|My matching hat and bag finally got an outing - do you like?|
|Happy is a big blue suit|
Casablanca, in case you don't know the plot, is set in the middle of wartime, in (you guessed it) Casablanca., where everyone is hoping and waiting to get travel documents allowing them to flee to the safety of the States
|Casablanca residents being searched and their ID cards checked, done in a funny way. (But you could also see how it wouldn't be funny in real life - I did NOT want to bump into that official at all)|
|Heyday Suit jacket worn over a dress, Vintage hat, flouncy scarf|
|Ilsa Lund and Victor Laszlo meet Captain Louis Renault|
The playing out of the film was fun to see, it did though bring home a bit of how it actually was to be living through a war. One of the police forced a man to crawl up and down the steps and the closeness of it was a small shock. It was short and not everyone would have seen it, but I felt I should warn you. I accepted it as part of the drama but I will remember the impact for life - which I am actually grateful for. The surprise and process of registering what was happening made it very real, something I would not have got if it had been played out at a distance on stage or on film. You should also know that I have a "R" rating of about 5 and feel stuff quite deeply. (We have a censored draw of dvd's at home that are not for my entertainment)
According to Wikipedia, the movie itself was made up of a large proportion of European exiles and refugees among the extras, and for them it was quite emotional to be involved. Ironically the German citizens were cast as the Nazis from whom they had fled. That must have been hard.
|The Nazis arrive|
|We liked the Casablanca but not the Sandy Collins|
- You do need cash for the bar and for the food.

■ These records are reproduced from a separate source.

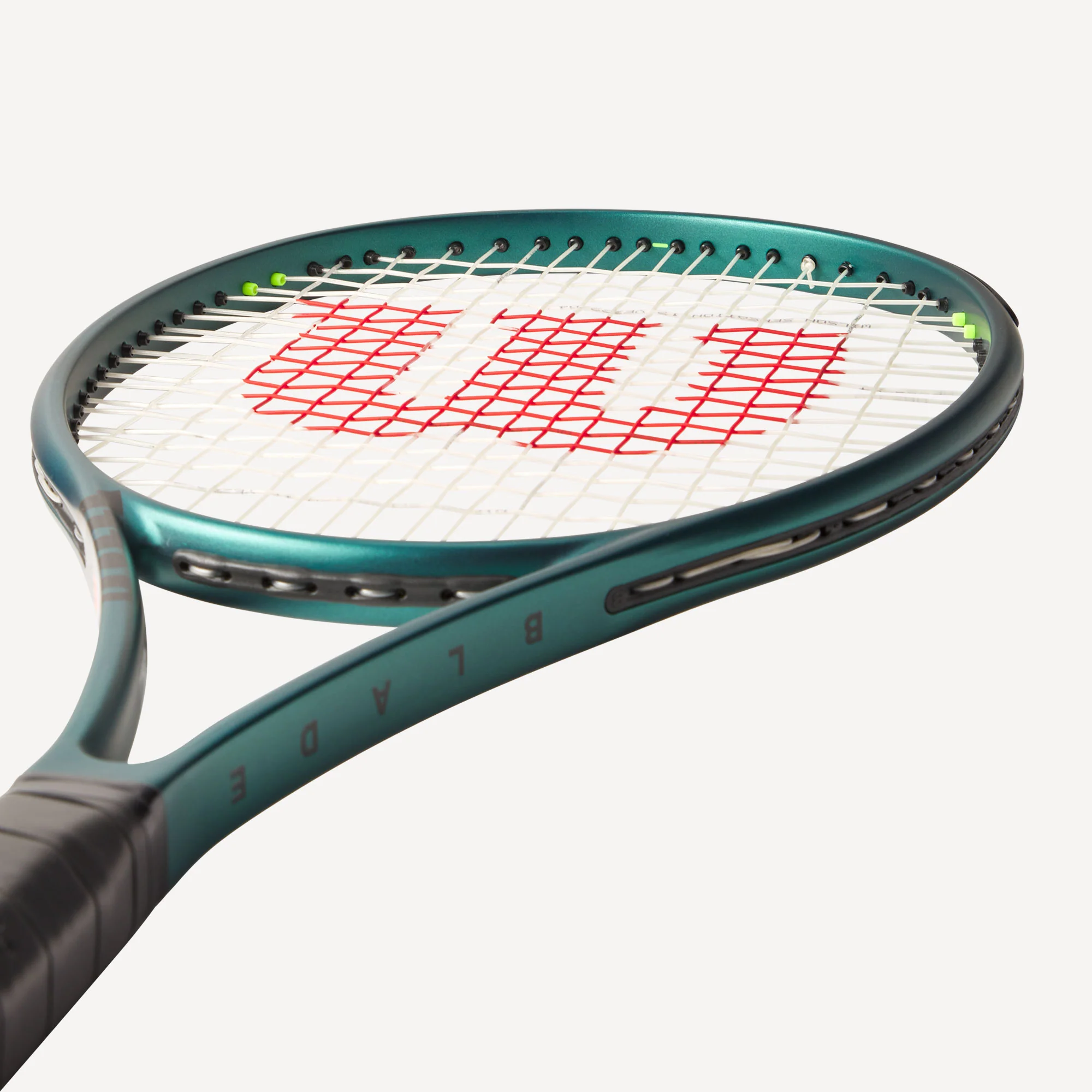 Wilson Blade 98 16x19 V9 Tennis Racket - Image 5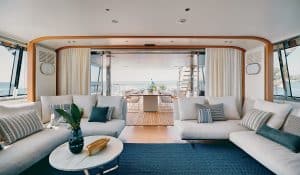 Benetti-Yachts-Class-Motopanfilo-37M-Interiors-02-Carousel-04-Upperdeck-Lounge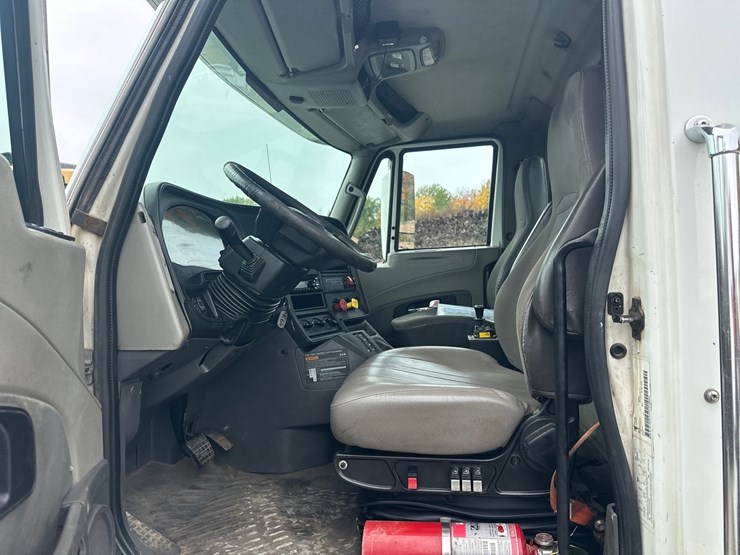 2015-international-prostar-image-28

The food is quite moderately portioned, so best not to go hungry (we were grateful for half a chocolate bar and a bag of nuts left in my bag from the day before!)
- The cocktail bar (either side of the stage) is different from the main bar (the one with purple lights) and does take card (had we known this, we would have saved our cash for food).

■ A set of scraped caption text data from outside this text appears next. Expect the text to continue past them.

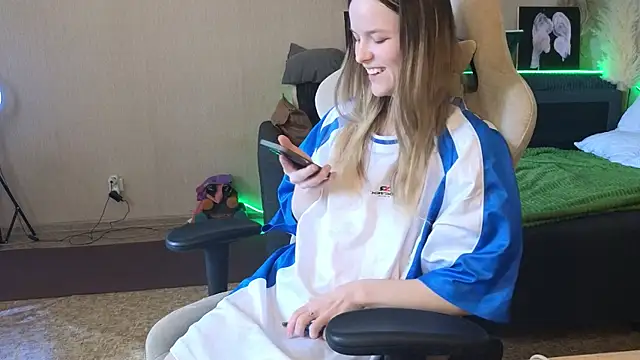 Nate   online show from 18, 4, 2026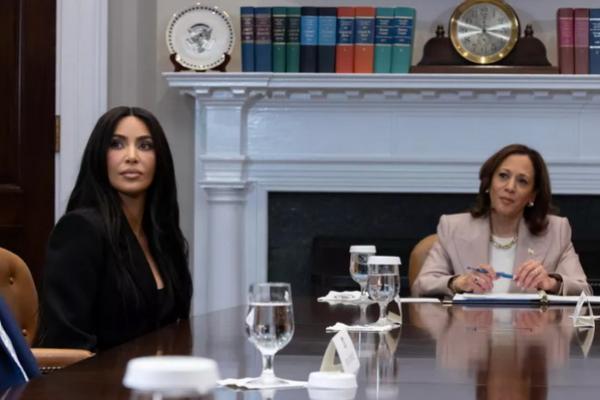 Kim Kardashian Bertemu Wakil Presiden AS Kamala Harris Bahas Reformasi Peradilan Pidana, Kamis (25/4/2024). (FOTO: GETTY IMAGE) 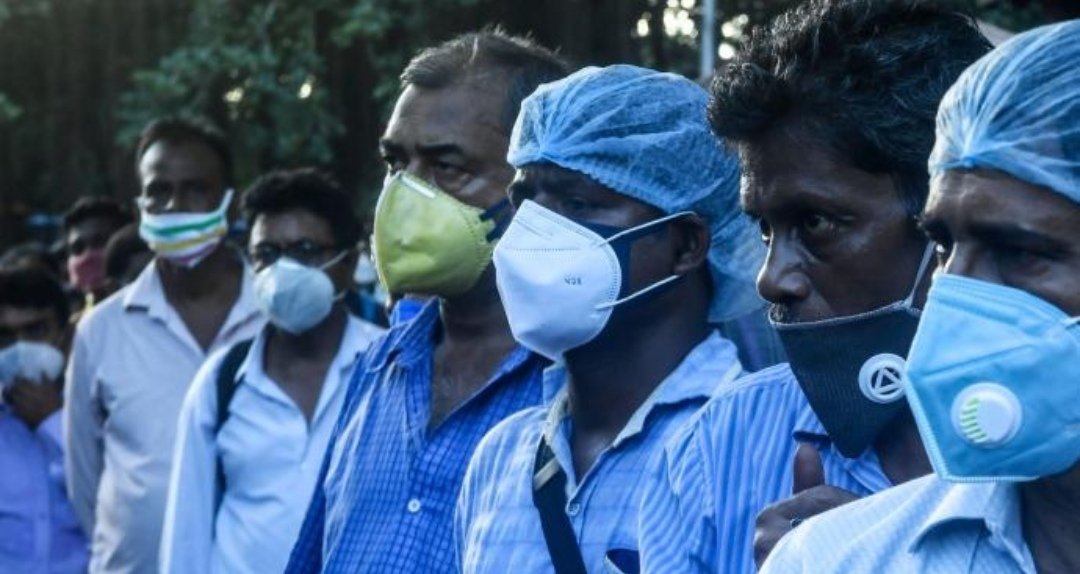 据报道,印度多个火葬场遗体积压,造成这一问题的原因是什么?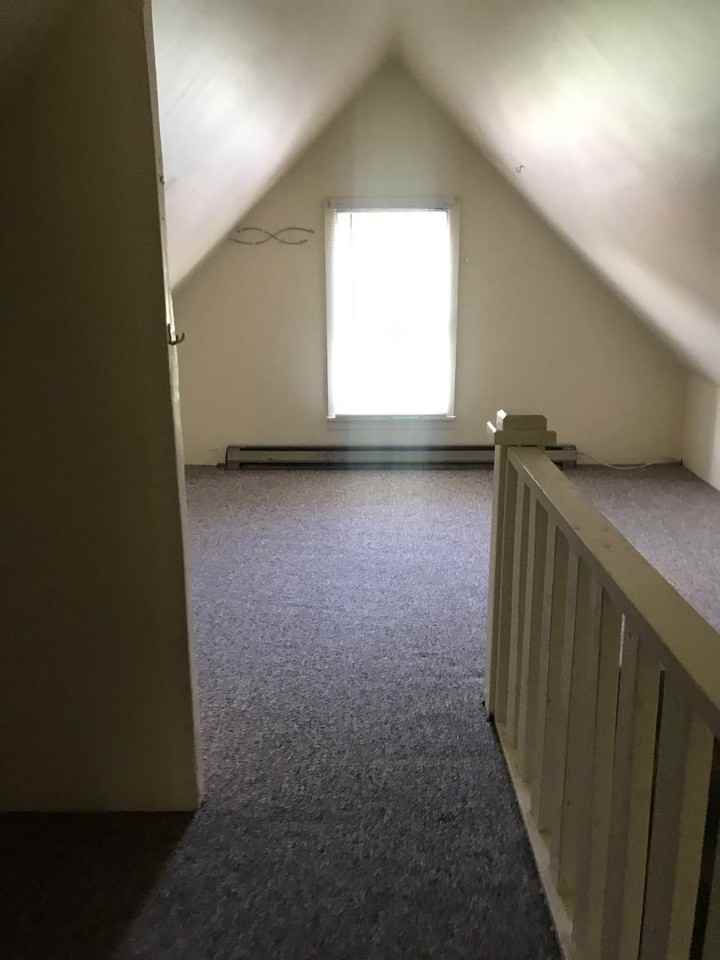 906 E Ann St - Photo 5 of 11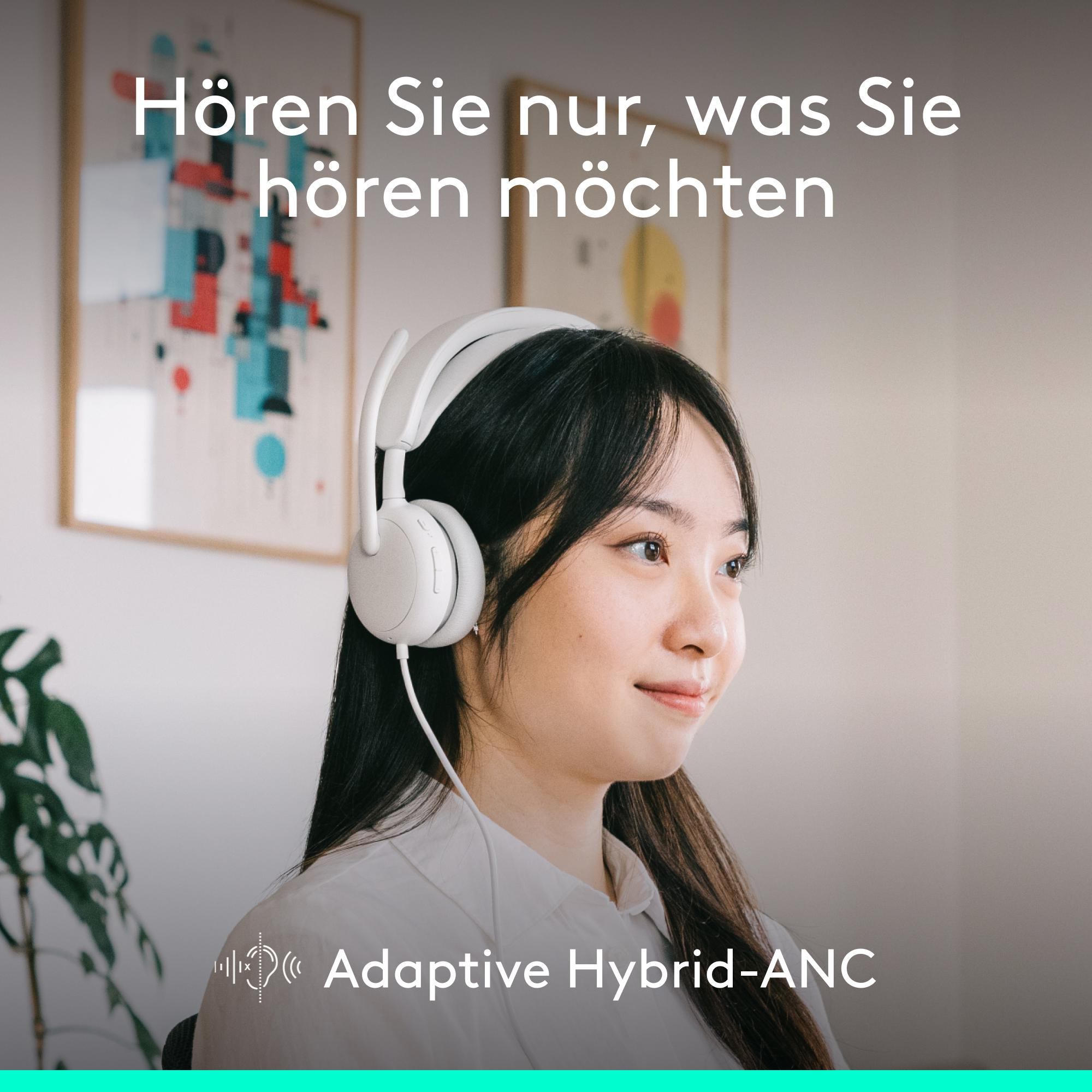 Junge Frau mit weißen Kopfhörern, die auf ein Bild blickt.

- If you are up for dancing, you will be dancing on carpet (not a deal breaker, but some dancers like to know this).
- You do see the film at the end - we weren't too sure so I was glad to have taken my glasses.

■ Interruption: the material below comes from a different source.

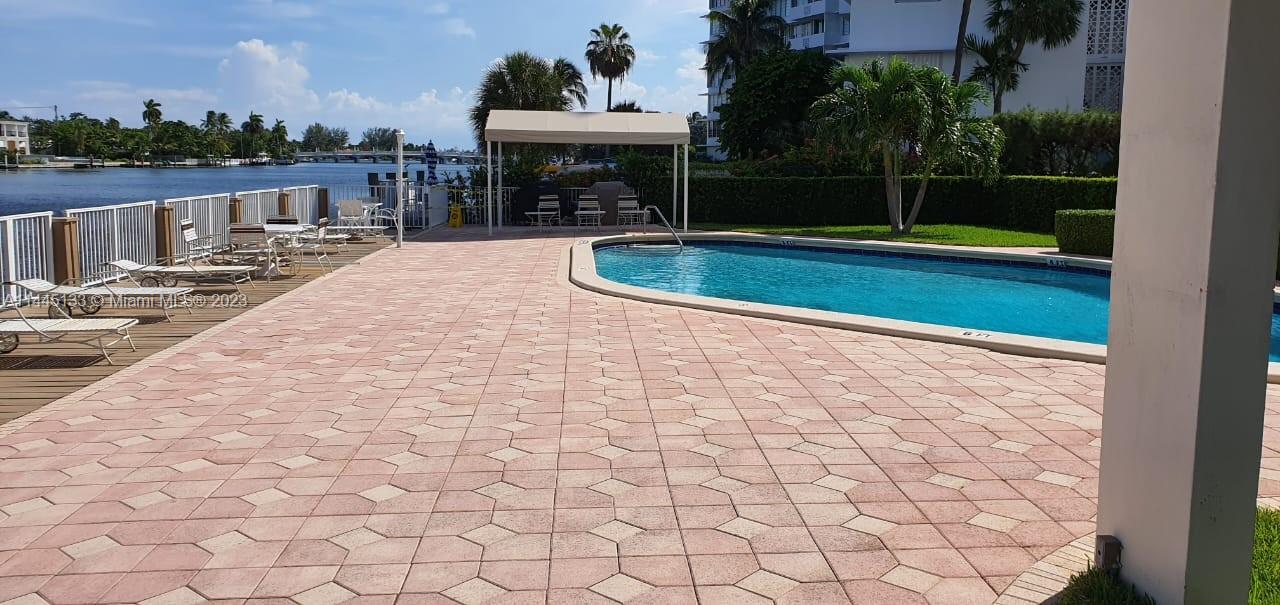 CARAVELLE CONDO - Residential Lease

- Do take something to barter with when Ugarte comes around offering to find you transit papers. I had a string of beads stuffed down my bra but promptly forgot and was concentrating so much on his accent I didn't get that he wanted money or similar - ha ha!
- If you gamble at the roulette table you can put something else down as collateral - our table companion put his cufflinks down and won a bar of chocolate, AND got his cufflinks back. (Had we realised this earlier I could have put my beads down, hungry as we were!)
- When you book, you get told you have "booked a table" but when you get in there it is a free for all and you just find a place - or so it seemed. We sat in the front of the stage, near the middle stairs (because we knew we would dance) and had a good view of the proceedings.
- A few were not dressed up at all and it didn't seem to matter - but they did look out of place
- It appeared that many people were told to wear a neckerchief and it never came up in the "play" so I'm not sure that matters either.
- Do take your papers though! You need to provide your fingerprint (scribble on your finger and press) and a photo (some people drew theirs).
- It is warm in there, I was glad to have worn a dress (for dancing in) so I could take my jacket off and cool down. It is, after all, Casablanca.
|Moroccan dancers, all female!|
It was an amazing day out - something quite extraordinary different. I look forward to seeing what Future Cinema does next!